On Thu, Feb 8, 2024 at 6:33 PM Hayato Kuroda (Fujitsu)
<kuroda.hayato@fujitsu.com> wrote:
>
> Dear Sawada-san,
>
> Thanks for making v3 patchset. I have also benchmarked the case [1].
> Below results are the average of 5th, there are almost the same result
> even when median is used for the comparison. On my env, the regression
> cannot be seen.
>
> HEAD (1e285a5) HEAD + v3 patches difference
> 10910.722 ms 10714.540 ms around 1.8%
>
Thank you for doing the performance test!
> Also, here are mino comments for v3 set.
>
> 01.
> bh_nodeidx_entry and ReorderBufferMemTrackState is missing in typedefs.list.
Will add them.
>
> 02. ReorderBufferTXNSizeCompare
> Should we assert {ta, tb} are not NULL?
Not sure we really need it as other binaryheap users don't have such checks.
On Tue, Feb 6, 2024 at 2:45 PM Hayato Kuroda (Fujitsu)

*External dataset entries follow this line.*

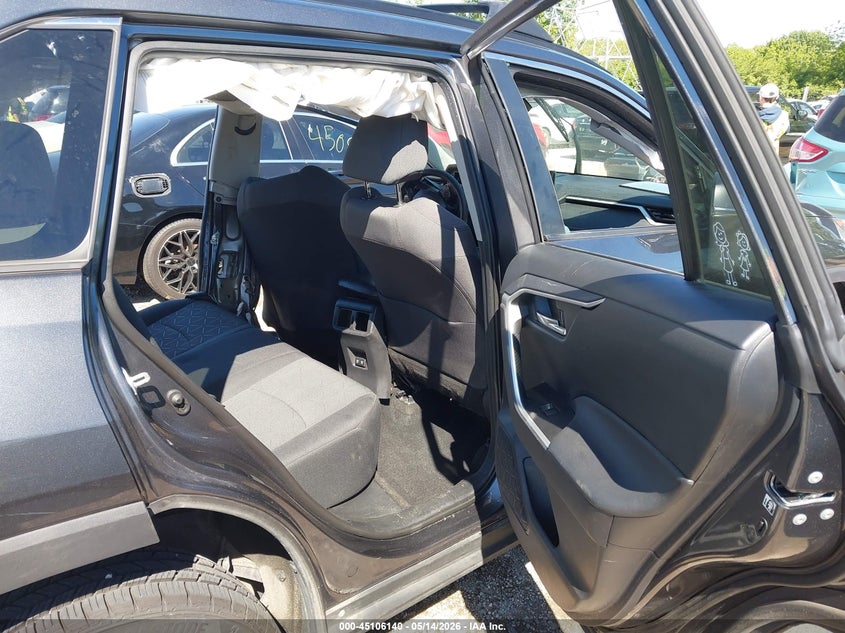 TOYOTA RAV4 - zdjęcie 8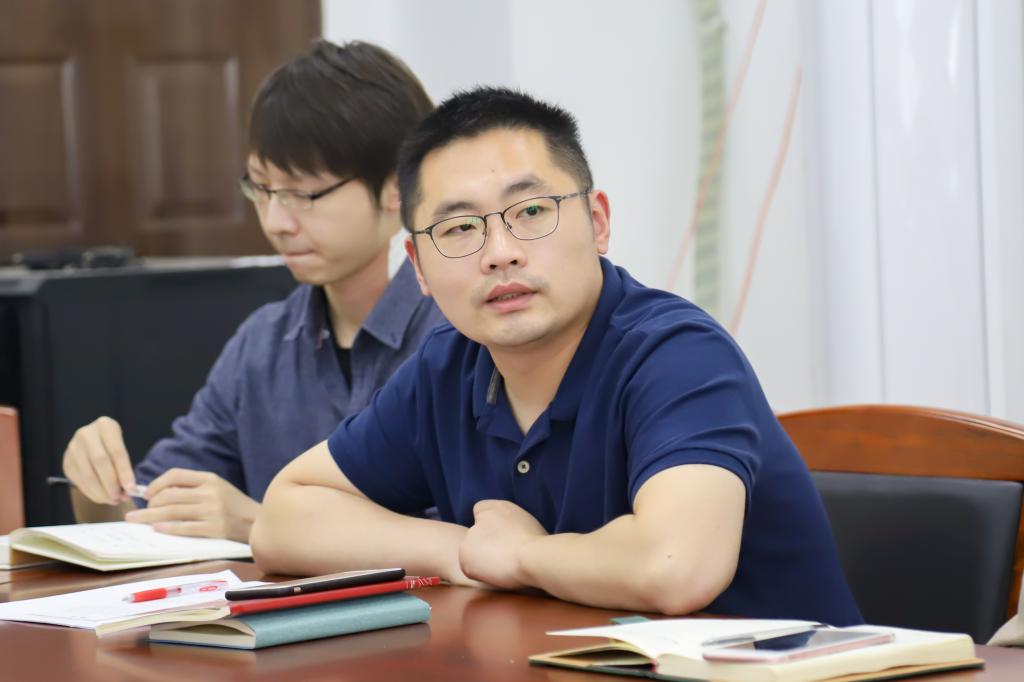 问鼎娱乐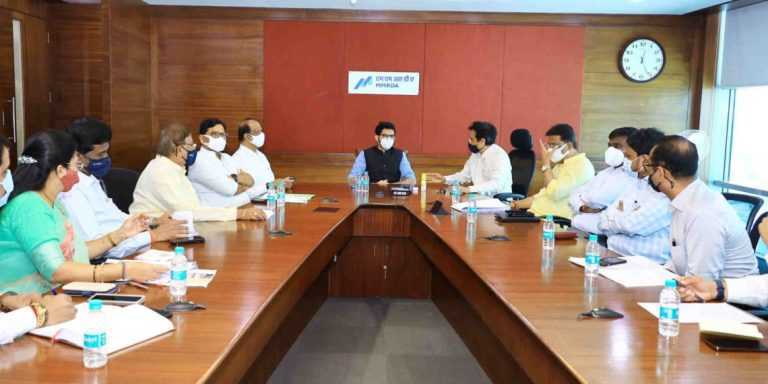 मुंबईतील विविध विकासकामांचा पर्यावरण मंत्री आदित्य ठाकरे यांनी घेतला आढावा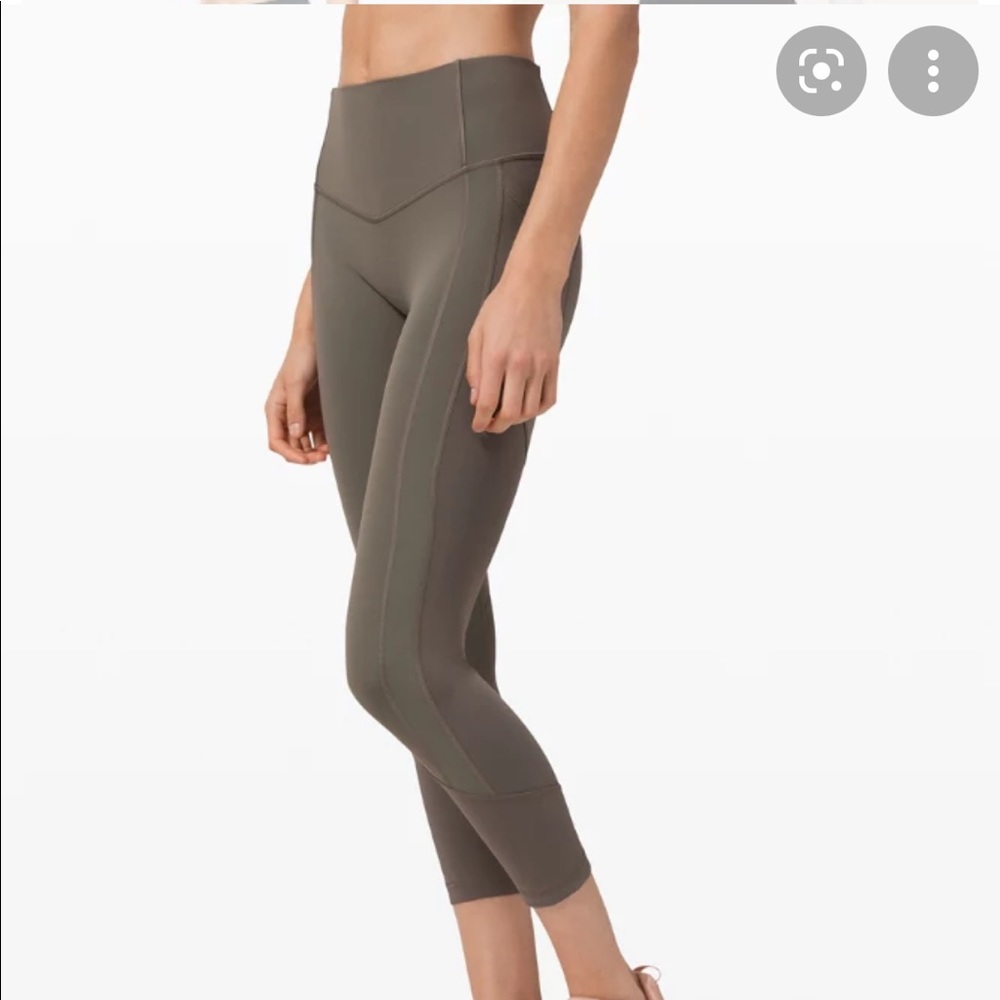 Lululemon crop training pant EUC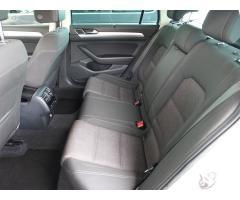 Volkswagen Passat 2.0 TDI 110kW - 15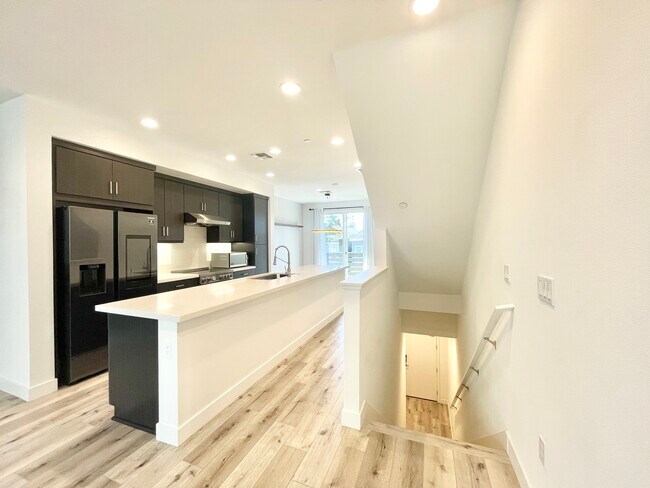 Cocina con gran isla - 2374 Filbert St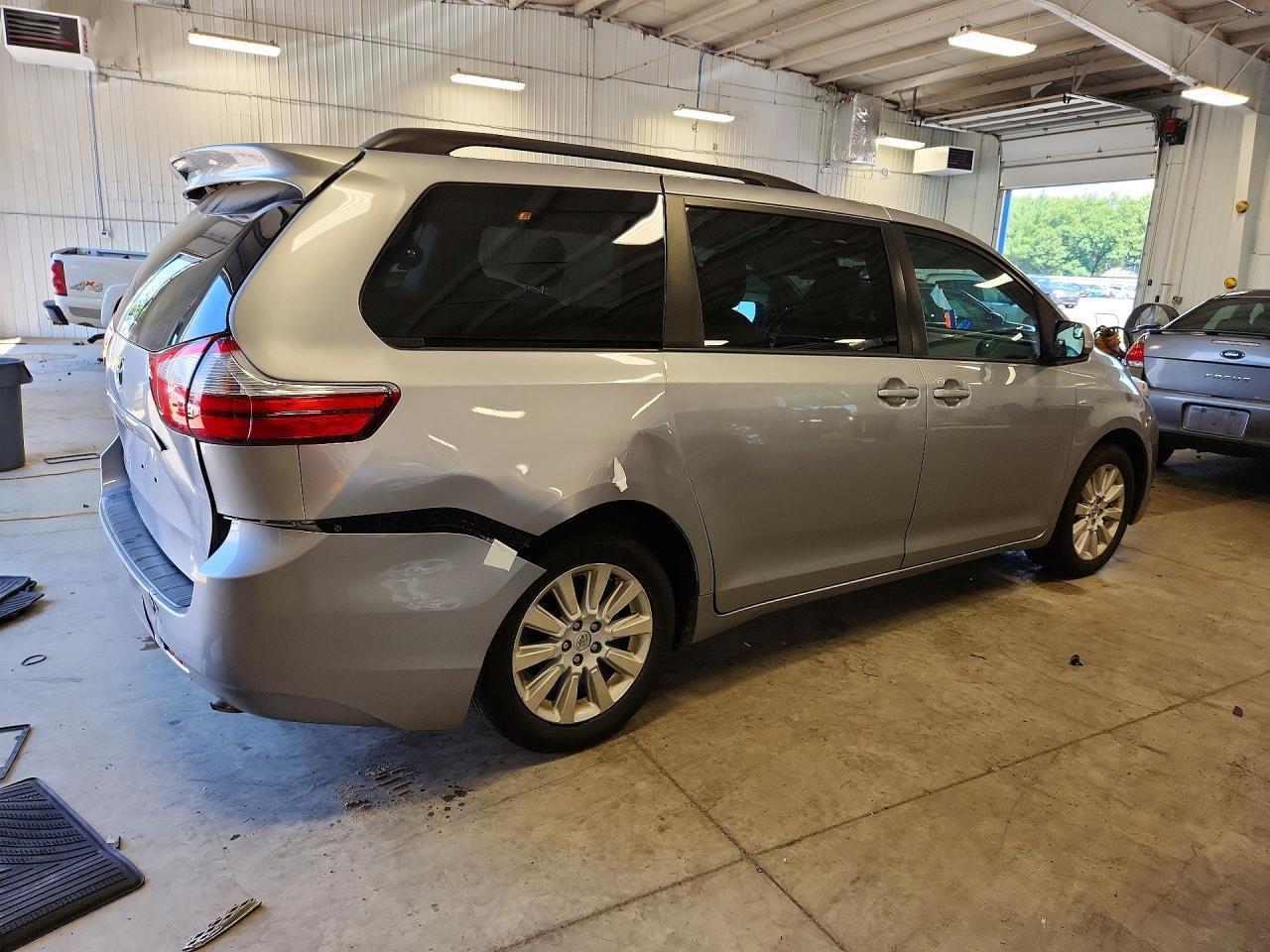 2017 Toyota Sienna Le - Фото 3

<kuroda.hayato@fujitsu.com> wrote:
>
> > I've run a benchmark test that I shared before[1]. Here are results of
> > decoding a transaction that has 1M subtransaction each of which has 1
> > INSERT:
> >
> > HEAD:
> > 1810.192 ms
> >
> > HEAD w/ patch:
> > 2001.094 ms
> >
> > I set a large enough value to logical_decoding_work_mem not to evict
> > any transactions. I can see about about 10% performance regression in
> > this case.
>
> Thanks for running. I think this workload is the worst and an extreme case which
> would not be occurred on the real system (Such a system should be fixed), so we
> can say that the regression is up to -10%. I felt it could be negligible but how
> do other think?
I think this performance regression is not acceptable. In this
workload, one transaction has 10k subtransactions and the logical
decoding becomes quite slow if logical_decoding_work_mem is not big
enough. Therefore, it's a legitimate and common approach to increase
logical_decoding_work_mem to speedup the decoding. However, with thie
patch, the decoding becomes slower than today. It's a bad idea in
general to optimize an extreme case while sacrificing the normal (or
more common) cases.
Therefore, I've improved the algorithm so that we don't touch the
max-heap at all if the number of transactions is small enough. I've
run benchmark test with two workloads:
workload-1, decode single transaction with 800k tuples (normal.sql):
* without spill
HEAD: 13235.136 ms
v3 patch: 14320.082 ms
v4 patch: 13300.665 ms
* with spill
HEAD: 22970.204 ms
v3 patch: 23625.649 ms
v4 patch: 23304.366
workload-2, decode one transaction with 100k subtransaction (many-subtxn.sql):
* without spill
HEAD: 345.718 ms
v3 patch: 409.686 ms
v4 patch: 353.026 ms
* with spill
HEAD: 136718.313 ms
v3 patch: 2675.539 ms
v4 patch: 2734.981 ms
Regards,
--
Masahiko Sawada
Amazon Web Services: https://aws.amazon.com